I've done a few decoding tests with samples from the tutorial on the same machine (i7 4770K, HD 4600) on Linux (Ubuntu 12.04 Server, kernel 3.8.0-23) and Windows 8.1 and got the following results. (Numbers in cells is fps, big_buck_bunny sequence is used, output file writing is turned off)
System memory Video memory
sw hw sw hw
480p 2500 1800 1350 5000
1080p 530 770 230 1060
System memory Video memory
sw hw sw hw
480p ---- 1070 ------ 1240
1080p ---- 250 ----- 570
Linux results unpleasantly surprised me, and I checked to remove from consideration file reading operations. At first I read the whole file to the system memory and then measured the time. It gave some benefits (about 10%), but the results were still much worse than the Windows results.

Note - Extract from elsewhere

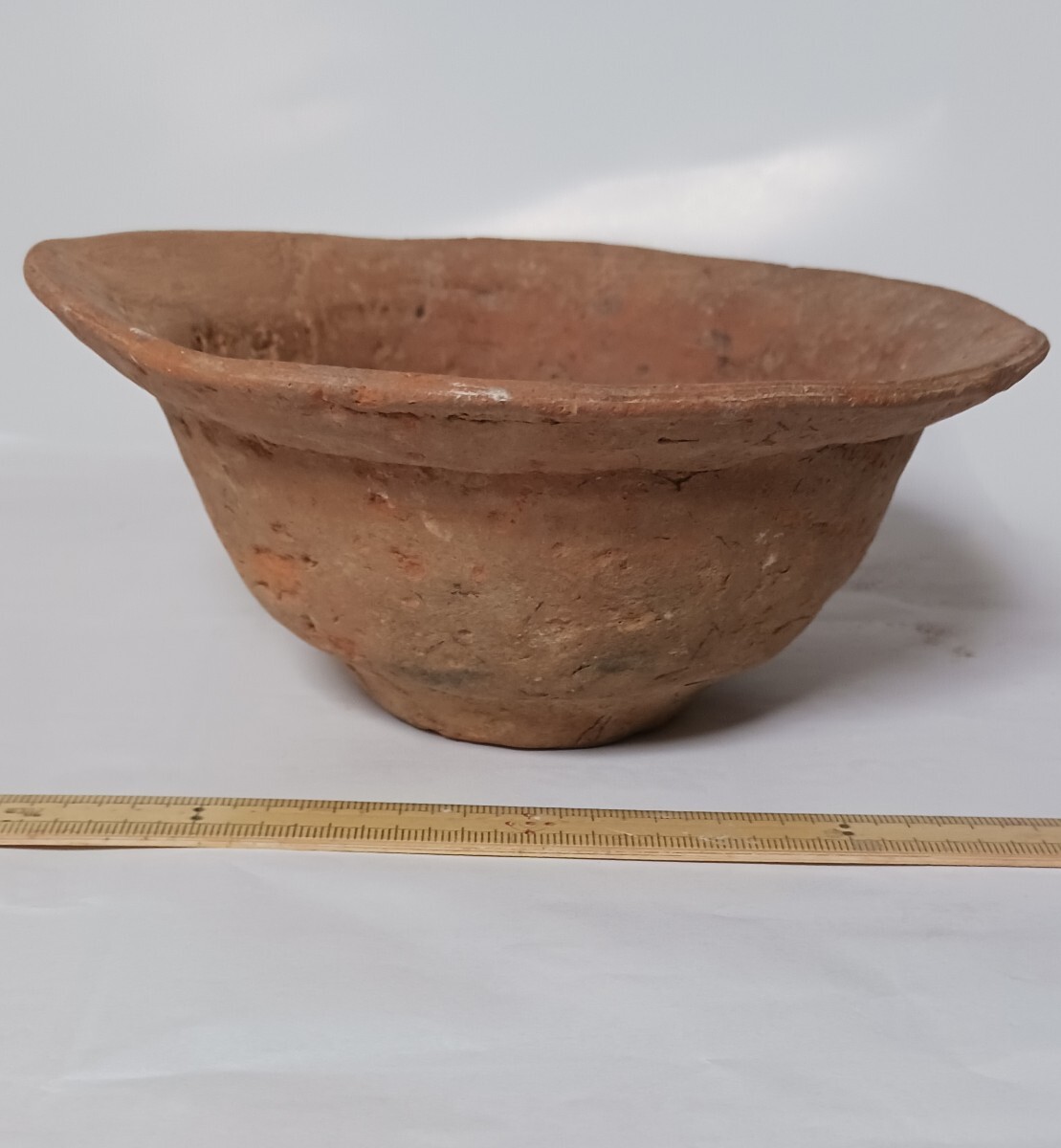 弥生土器浅鉢 ほぼ完品 弥生土器 浅鉢 平底 黒斑 弥生時代 後期 関東地方_画像1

After that I tested other sample (sample_decode_drm) and got the following results (with file reading).
System memory Video memory (-vaapi) Video memory + async 15
sw hw sw hw hw
480p ---- 1310 ------ 3630 4660
1080p ---- 320 ----- 920 940
So, it looks like simple_2_decode_vmem sample uses the video memory in the ineffective way. What is the fundamental difference between simple_2_decode_vmem and sample_decode_drm samples? Is it a known issue?
P.S. Experts, do you know a good vaapi manual or some useful articles for better Linux graphics stack understanding? Is mediasdk-manual.pdf (Intel® Media Software Development Kit Reference Manual) enough to getting started?
Thanks for sharing your analysis with us - the performance numbers you are seeing on Linux for the tutorial is not expected. We expect the sample and tutorial numbers to be close since the tutorials are much simpler implementations of the samples. I will investigate this issue and get back to you.
In the meantime, if you can provide the command lines you used to run each of these, it will be helpful for reproduction purpose.
I have some updates regarding comparison of simple_2_decode_vmem and sample_decode_drm, and why the performance differs.
The performance difference between these two applications can be attributed to how many asynchronous operations they perform before requiring explicit synchronization. In simple_2_decode_vmem, the synchronization is performed after EVERY call to the RunAsync function. In the sample_decode, the default AsyncDepth is set to 5, meaning, synchronizations occurs after every 5 RunAsync operations. Increasing the number of asynchronous operations before synchronization gives a good performance boost, thus is always recommended to use.
I hope this answers your question. In the meantime, I will verify the performance numbers on Windows versus Linux and get back to you. As mentioned in my previous post, it would be helpful if you could share the command line you used for the analysis.
I apologize for the delay. Here is command lines, I used. There is a decoding speed in parentheses.
System memory: simple_decode.exe big_buck_bunny_480p.264 (1800 fps)
simple_decode.exe big_buck_bunny_1080p.264 (770 fps)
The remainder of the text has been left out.